Liputan6.com, Jakarta - Kementerian Perdagangan (Kemendag) menyatakan akan belajar dari Amerika Serikat (AS) dalam membuat kebijakan perdagangan dan kerja sama bisnis dengan negara lain. Negeri Paman Sam dianggap telah memiliki pengalaman yang banyak dalam bidang kerja sama perdagangan baik secara bilateral maupun regional.
Direktur Jenderal Perundingan Perdagangn Internasional Kemendag Imam Pambagyo mengatakan, selama ini Indonesia memandang AS sebagai negara mitra yang penting. Indonesia juga memiliki kerja sama perdagangan yang erat dengan negara tersebut.
"Saya melihat AS tetap merupakan mitra penting bagi Indonesia, banyak hal bisa kita pelajari oleh Indonesia, salah satunya ini. Saya lihat kerja sama seperti ini penting, kita juga masih melihat kebijakan AS ke depan. Kita pelajari kebijakan AS terkait perdagangan," ujar dia di Kantor Kemendag, Jakarta, Rabu (15/3/2017).
Baca Juga
Advertisement
Imam mengungkapkan, terlepas dari terpilihnya Donald Trump menjadi Presiden AS, Indonesia berharap AS tetap menjadi mitra dagang yang penting bagi Indonesia. Pada tahun lalu ekspor Indonesia ke negara tersebut mencapai US$ 19 miliar.

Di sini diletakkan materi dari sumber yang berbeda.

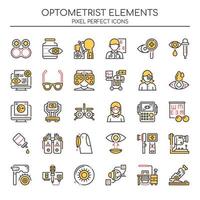 Conjunto de ícones de optometrista de cor Duotone vetor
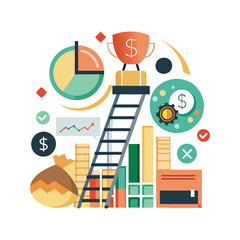 Business Growth Chart Flat Illustration. Finance Illustration clipart Vector Design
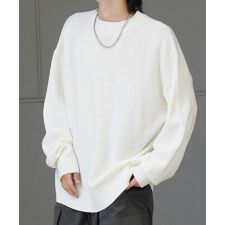 Confirm（コンファーム）ルーズシルエット クルーネック ナチュラルベーシックプルオーバーニット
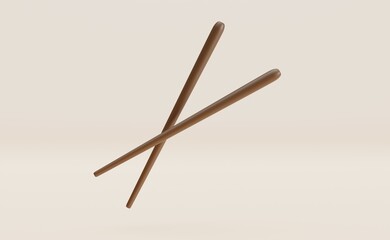 3d illustration. Chopsticks icon. Chopsticks on brown background.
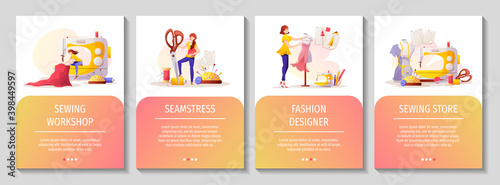 Set of A4 flyers for sewing workshop or courses, seamstress, fashion design, tailoring, dressmaking. needlework, handicraft. Vector illustration for for banner, advertising, commercial, poster.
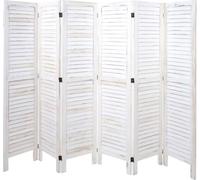 Paravent HWC-G30, Cloison de séparation visuelle, look shabby 170x240cm ~ blanc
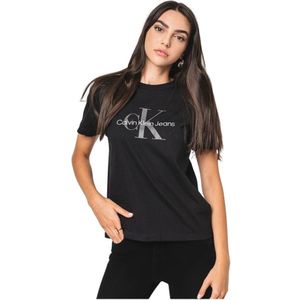 Calvin Klein, Dames, Tops, Zwart, Maat: S Katoen,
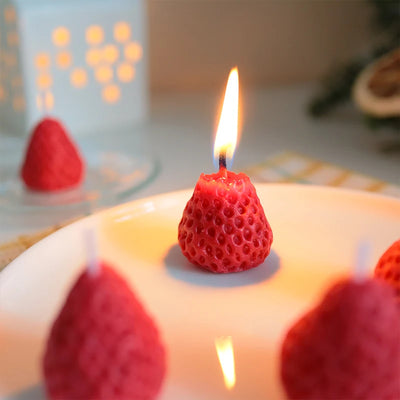 4PCS Strawberry Decorative Aromatic Candles Soy Wax Scented Candle for Birthday Wedding Candle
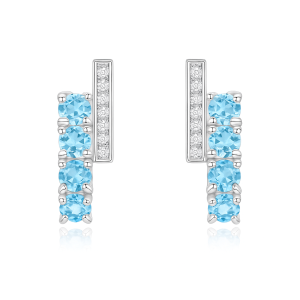 925 Sterling Silver Natural Gemstone Stud Earrings 40100006 925 Sterling Silver Natural Gemstone Stud Earrings 40100006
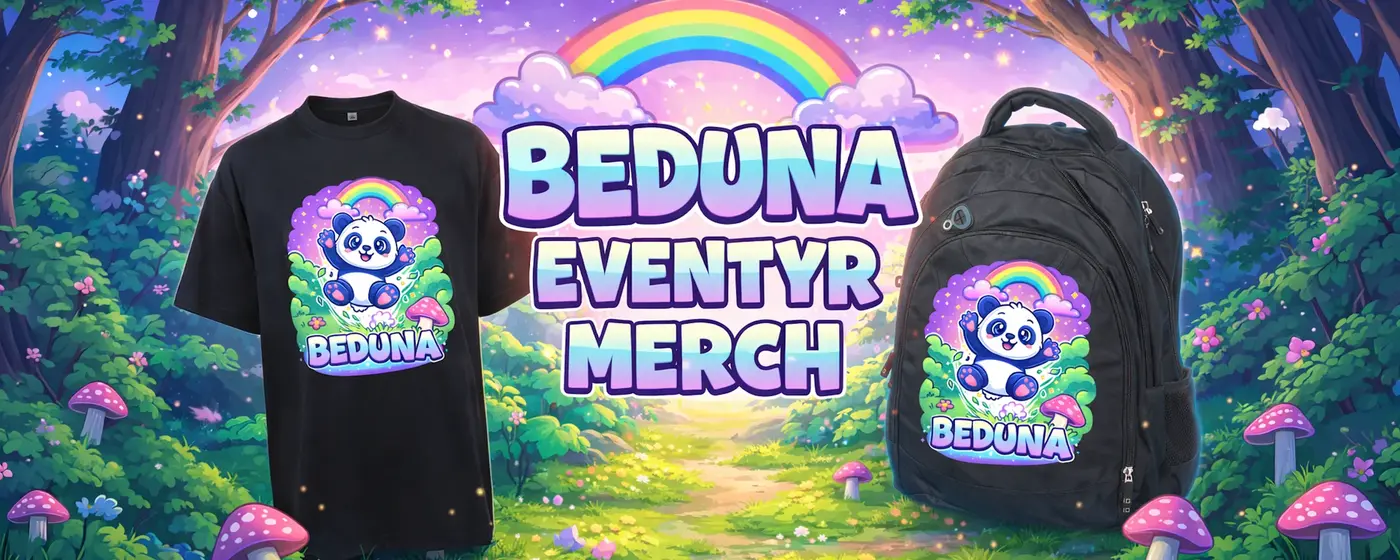 Beduna Eventyr Merch: T-shirt og rygsæk med Hyggefis i en magisk skov – se kollektionen hos Geekd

"Tidak terkait dengan pemerintahan yang baru di AS. Tapi kita ingin bagaimana caranya mengembangkan ekosistem yang kondusif, dan tidak aneh sendiri. Negara di dunia tidak dilarang punya aspirasi macam-macam, berbagai aspirasi sesuai kepentingan nasionalnya. Tapi kita terikat oleh berbagai kesepakatan yang kita ada di dalamnya, ada WTO, perjanjian dengan negara dan kawasan," jelas dia.

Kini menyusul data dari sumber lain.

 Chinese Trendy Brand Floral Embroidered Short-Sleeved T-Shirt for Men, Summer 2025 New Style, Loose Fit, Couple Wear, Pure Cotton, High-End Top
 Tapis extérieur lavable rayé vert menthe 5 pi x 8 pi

Dengan belajar dari AS, lanjut Imam, diharapkan Indonesia memiliki kebijakan perdagangan yang lebih baik. Saat ini, tantangan yang dihadapi Indonesia dalam menentukan arah kebijakan yaitu koordinasi antar instansi terkait. Dalam hal ini Indonesia bisa belajar dari AS.
"Mereka punya sistem yang kuat, establis ratusan tahun. Salah satu tantangan kita kan koordinasi antar instansi, kita ingin membuka pikiran bagaimana bentuk sebuah regulasi yang bagus, tidak hanya untuk kepentingan bisnis tapi jg kepentingan pemerintah. Karena pasar kan tidak sempurna. Intervensi pemerintah penting tapi tidak bisa berlebihan karena bisa ciptakan high cost economy, over regulated economy," ujar dia.